OptimizeDocument Method

The OptimizeDocument method is used to optimize the document before exporting to RTF or Text format after recognition has been applied to it.

The text inside a PDF file is usually split into multiple parts, a single sentence or paragraph can consist of multiple pieces of text positioned independently inside the PDF document.

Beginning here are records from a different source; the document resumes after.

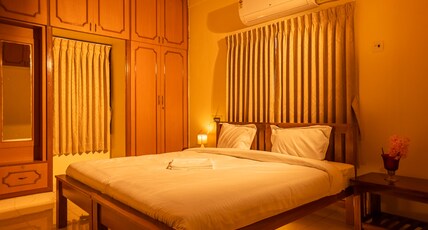 JUSTAY HOMES Room Type - Deluxe Room ( Kurunchi )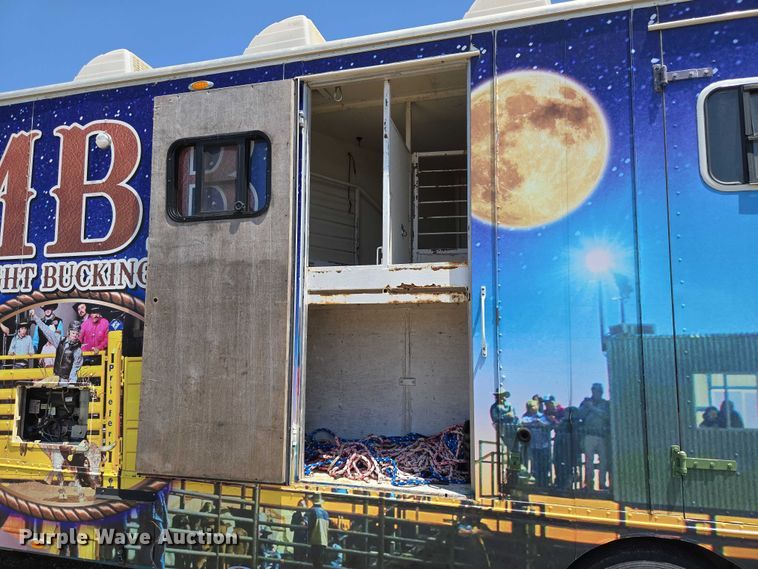 image for item EU3545 2001 Shop built horse trailer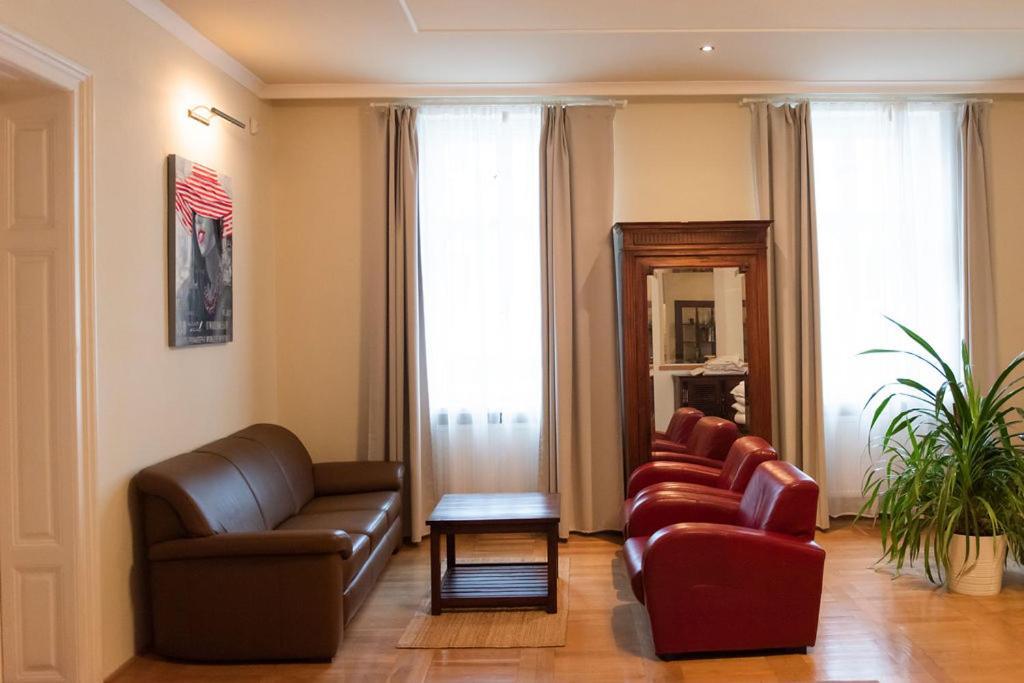 Velky Apartman Братислава Екстер'єр фото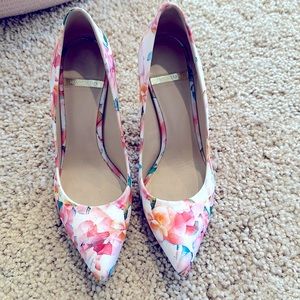 Pink flower pattern satin pointy toe heels.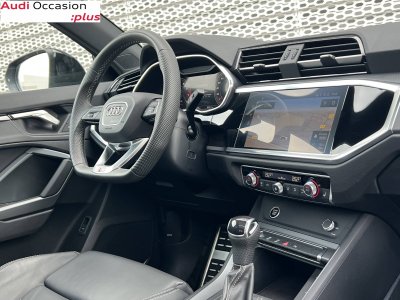 Audi Q3 35 TFSI 150 ch S tronic 7 S line plus   - 7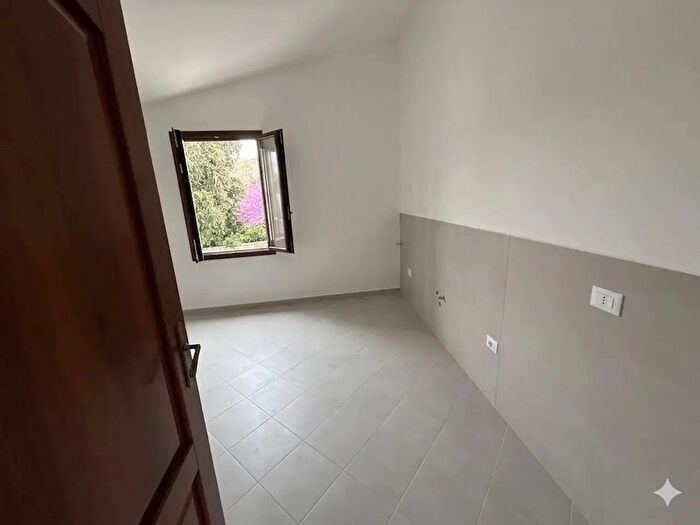 Appartamento con 8 locali in affitto in Ponsacco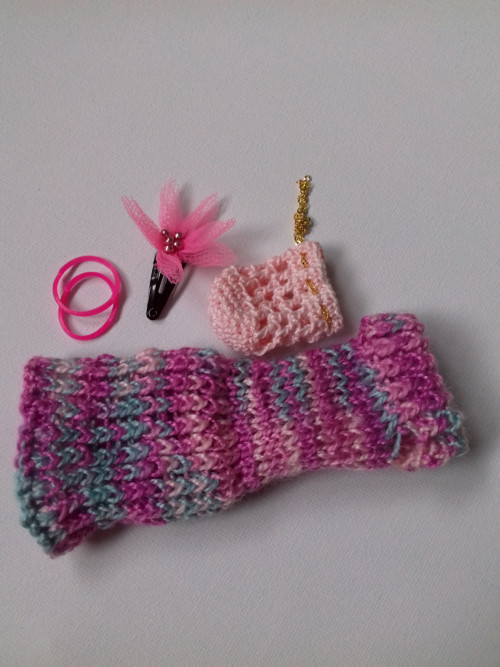 Pletené šatičky pro Monster High s doplňky — foto 4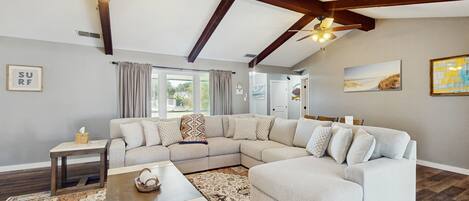 Fernseher, Tischtennisplatte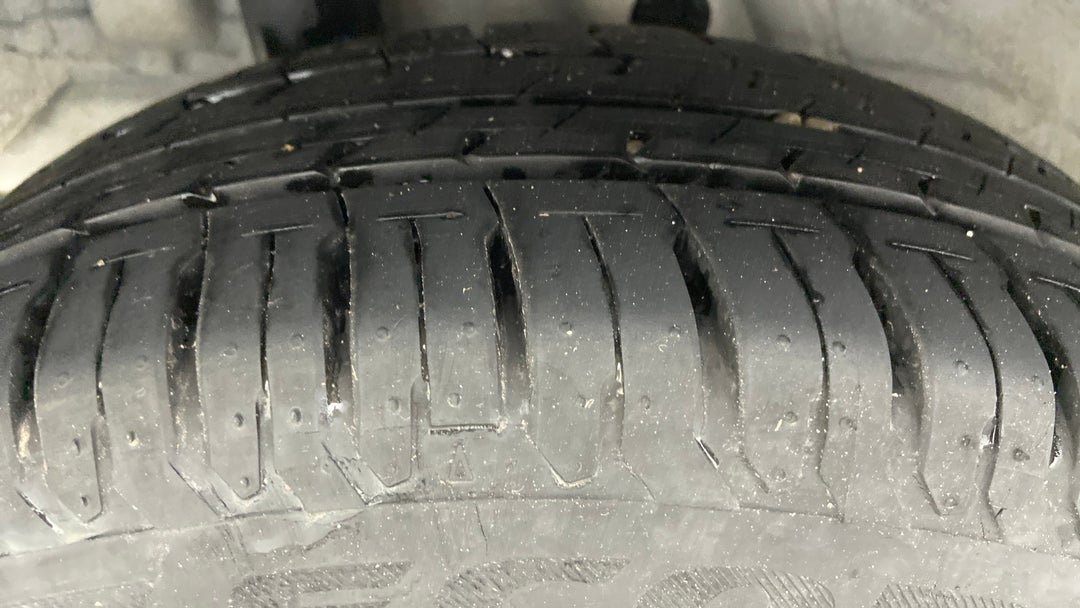 Right Rear Tyre Tread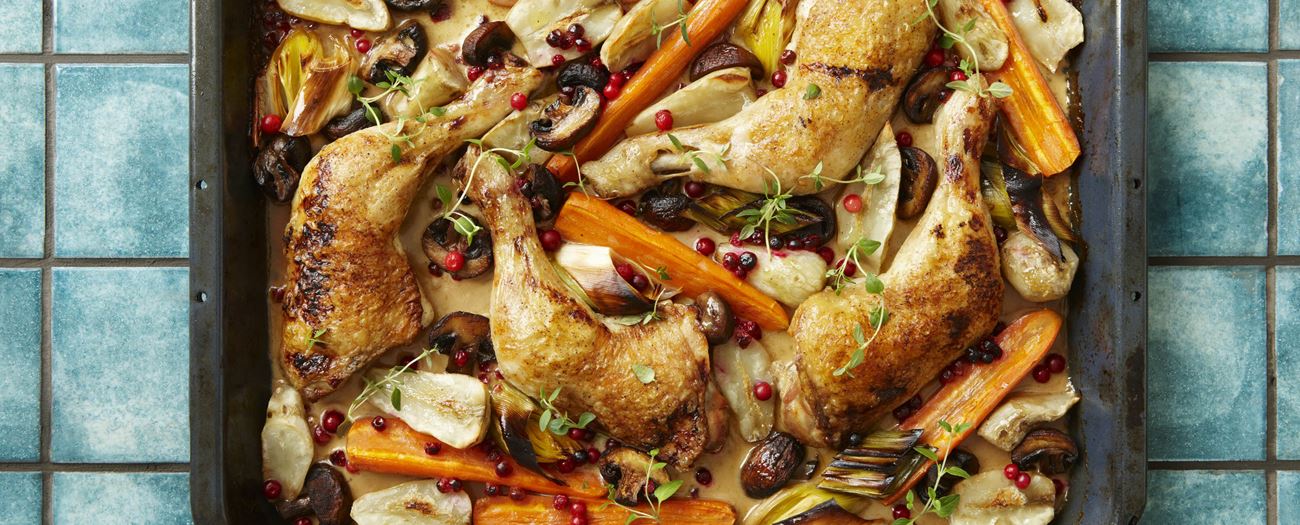 antage Overlevelse Lejlighedsvis Ovnstegte kyllingelår med grøntsager - Opskrift på lækker ovnret - Arla |  Arla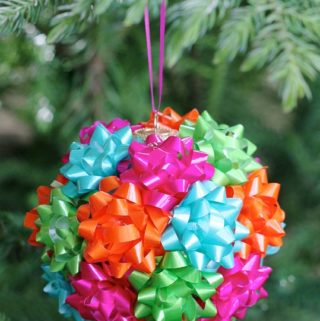 mini-gift-bow-ornament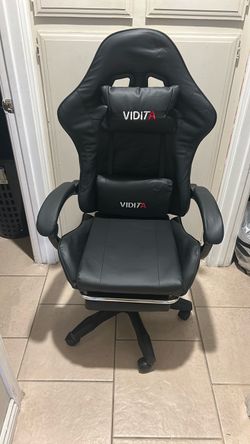 Gaming chair all black new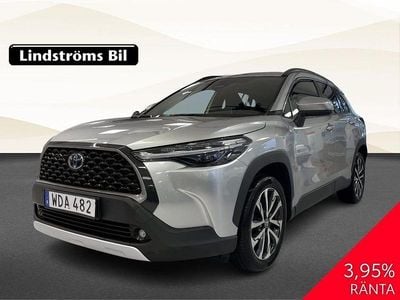 Begagnad Toyota Corolla Cross Style 200 HK (147 kW) 2023 Silver SUV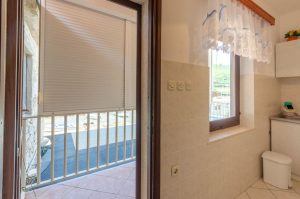 grbin-apartment-entrance-07-2018-pic-01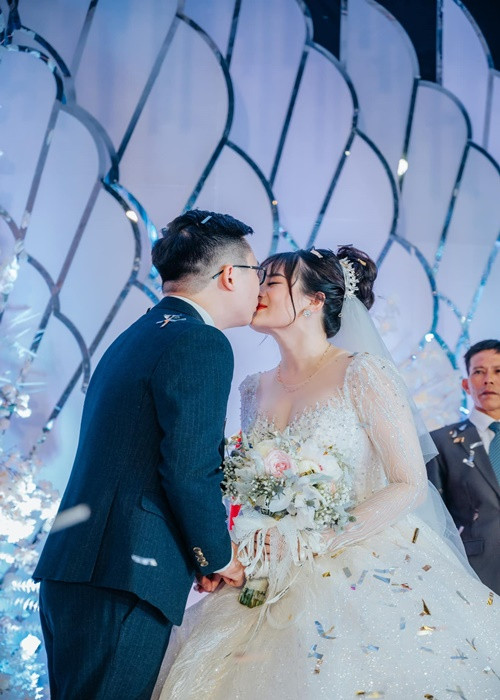 Nữ diễn viên phim " Sống chung với mẹ chồng" và nửa kia về chung một nhà sau 6 năm bên nhau. Ảnh: FBNV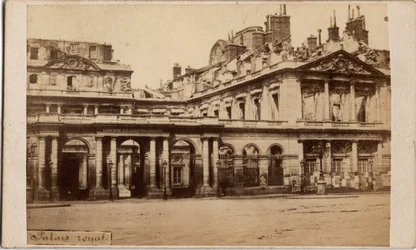 Paris kommun (1871): utsikt över Palais-Royal efter branden i maj 1871. Anonym fotografering. Tryck på kartong Dim. 10x6,9 cm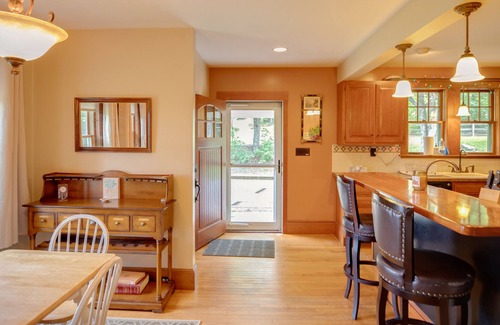 Bethlehem Cottage | Charming House on Main Street! 3 Bed/3 Bath!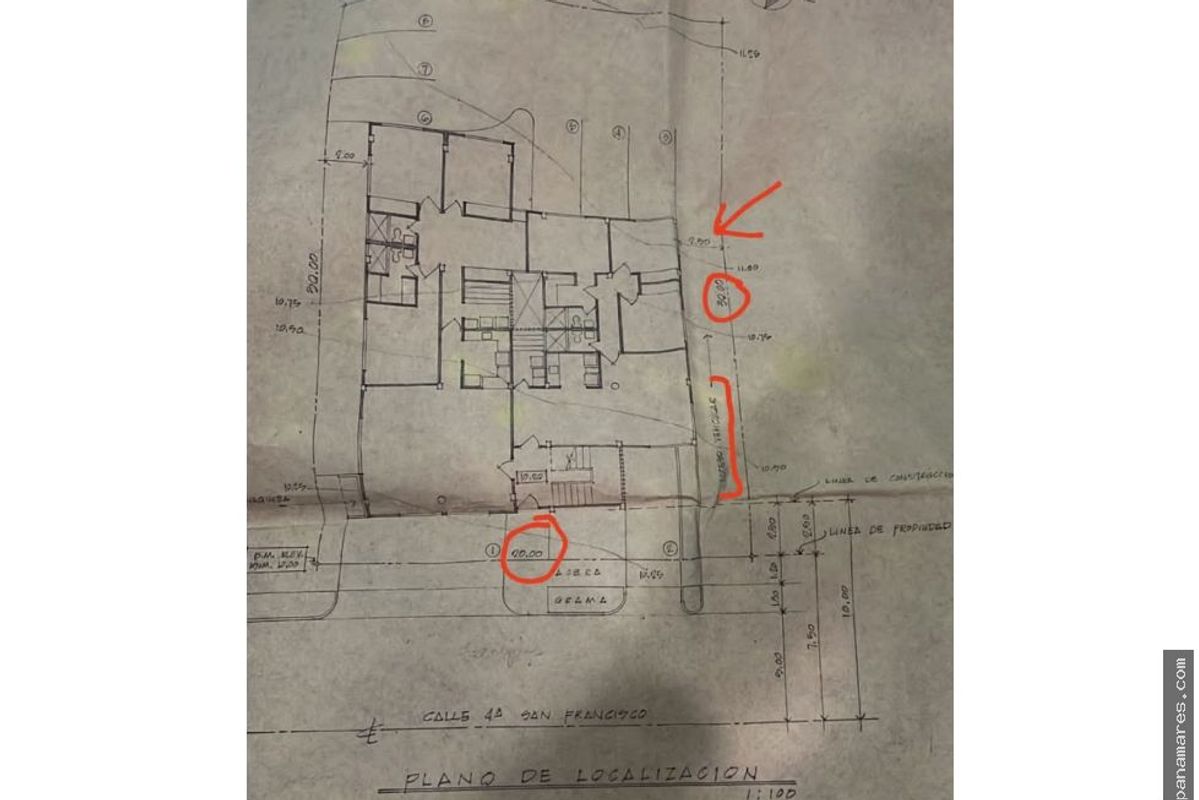 Oportunidad! Se Vende Edificio - Condominio Leda - Final De Calle 50 — Edificio en Venta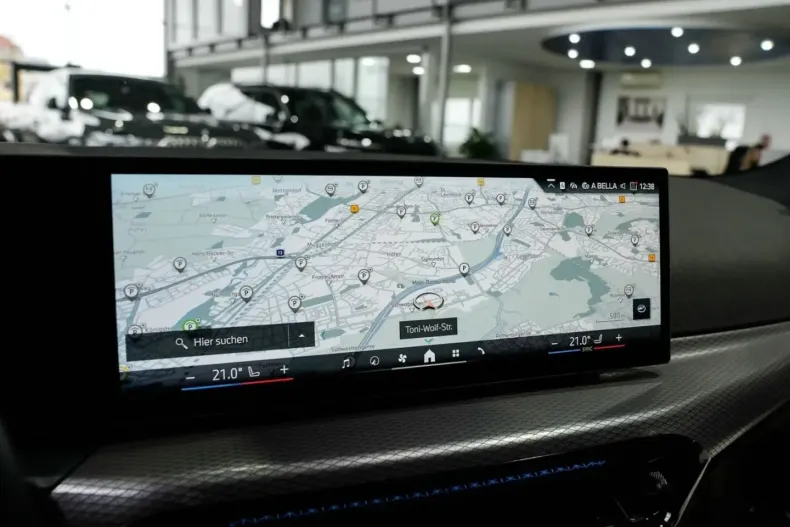 BMW 320 (Seria 3) din 2025 cu 7.350 km - oferta BMW183586 - foto 16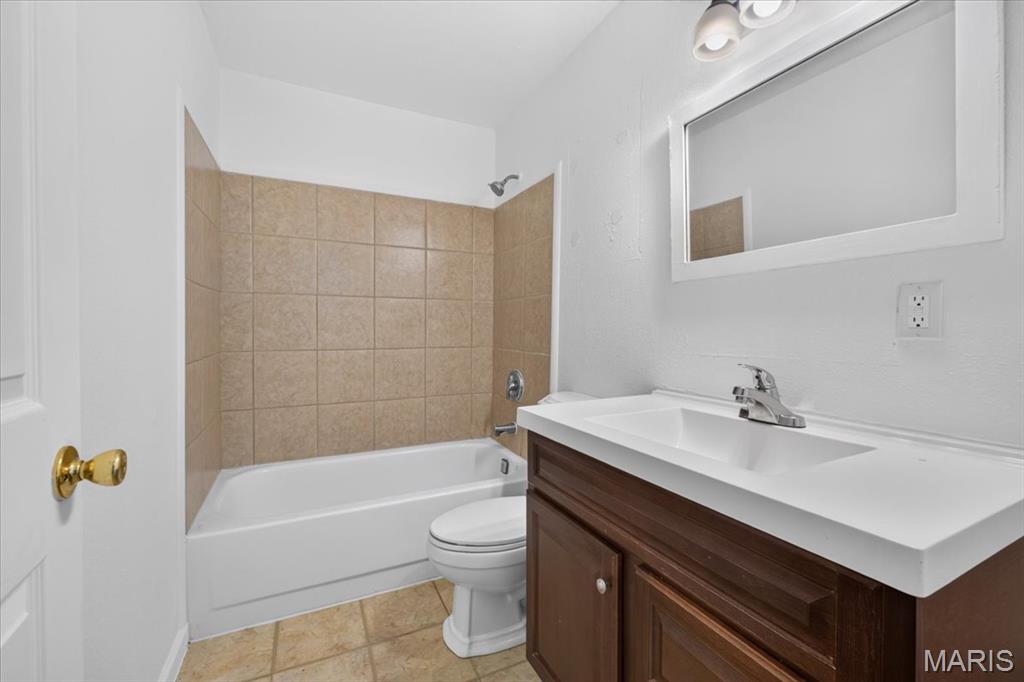 St Joseph Gardens 1st Add - Residential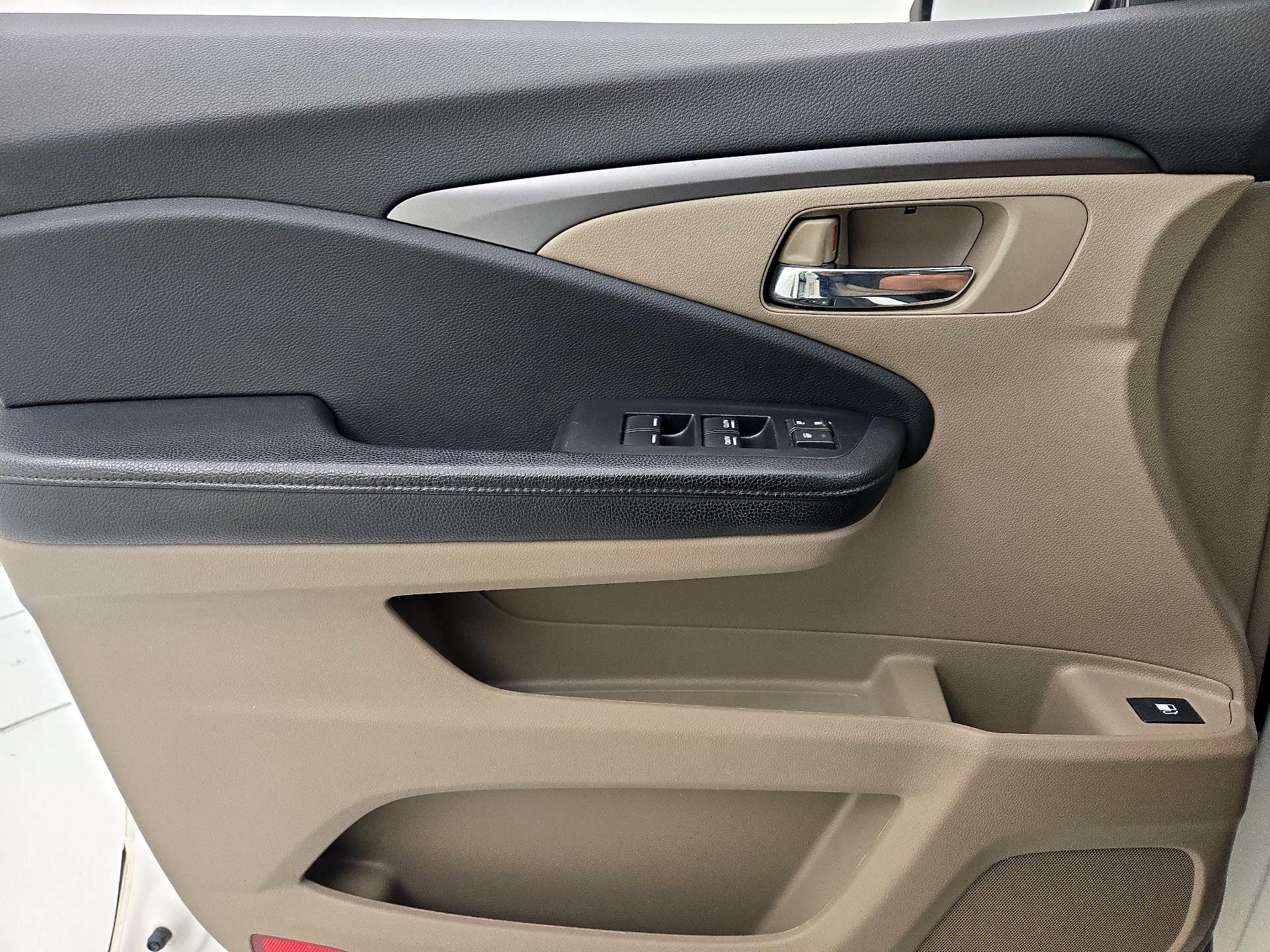 Thumbnail: 2019 Honda Pilot - 12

This method attempts to regroup lines or paragraphs prior to exporting the PDF file into another format, or to make the file easier to edit.

 

Syntax

VB:

Sub OptimizeDocument(Level As Long)

C#:

void OptimizeDocument(int level)

C++:

HRESULT OptimizeDocument(int Level)

 

Parameters

Level

Optimization Level

Value

Description

No optimization

0

Recommended when exporting to JPEG and Tiff formats.

Line optimization

1

Recommended when exporting to RTF format.

Paragraph optimization

2

Recommended when exporting to HTML format.

Table optimization

3

Recommended when exporting to Excel format.

 

 

Remarks

The screen shots below show the borders of text objects of a document at different stages of optimization.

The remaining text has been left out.